June 1, 2020
‘It’s not goodbye, it’s see you later’, reads the homemade sign in a charity shop’s window.
The message might be rudimentary in creation – letters are printed on separate A4 sheets – but it is layered with meaning.
A reflection of the sheltering observed by millions to weather the COVID-19 storm, it equally strikes a defiant tone about a future society – and country – being reunited again.
However, if you look a little closer, another picture emerges.
Beyond the sign’s sun-faded curling edges, the store stands in silence, its wares, like many other retailers, untouched for weeks and blanketed by a film of dust.
The shop, like so much of the UK, is in a state of suspension.
When the Government unfurled its coronavirus lockdown strategy, the country’s economy entered an immediate stasis.

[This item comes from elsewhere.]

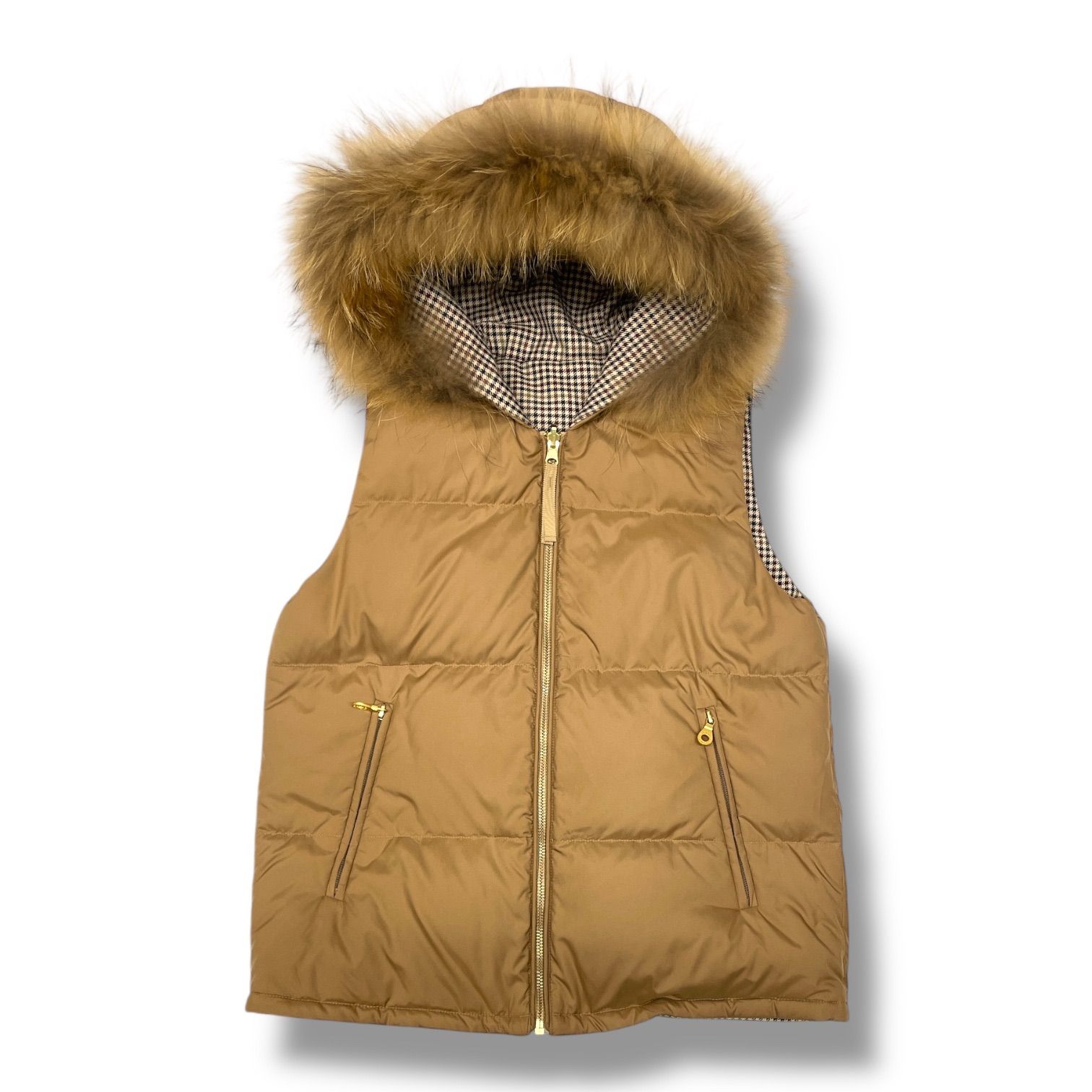 BLUE LABEL CRESTBRIDGE ブルーレーベルクレストブリッジ リバーシブル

While the UK might now be gaining a modicum of vigour – at the time of going to print, outdoor markets, car showrooms and non- essential retailers had Government approval to reopen in June – the financial landscape remains extremely perilous.
Indeed, Chancellor Rishi Sunak has admitted it is “very likely” the UK is already in a “significant recession”.
Nowhere was his warning more emphasised than in an Office for National Statistics (ONS) report, which showed the UK economy – during the first quarter of 2020 – had contracted at its sharpest rate since the global financial crisis.
According to its figures, UK gross domestic product dropped two per cent between January and March.
The period marked the beginning of the country’s response to the COVID-19 outbreak, with widespread retail and hospitality closures supplemented by pauses across the manufacturing and construction sectors.
Such action, say the ONS’ findings, saw the services sector, which includes hotels and restaurants, endure a record 1.9 per cent drop in output.
Production and construction were down 2.1 per cent and 2.6 per cent, respectively.
So, with such figures, and economists predicting an even larger slump in the current quarter, what action must be taken to help the pendulum begin swinging back towards growth?
The answer, says Andrew Moorby, managing partner at accountancy firm MHA Tait Walker, will come from a concerted Government approach that addresses key issues such as financial support.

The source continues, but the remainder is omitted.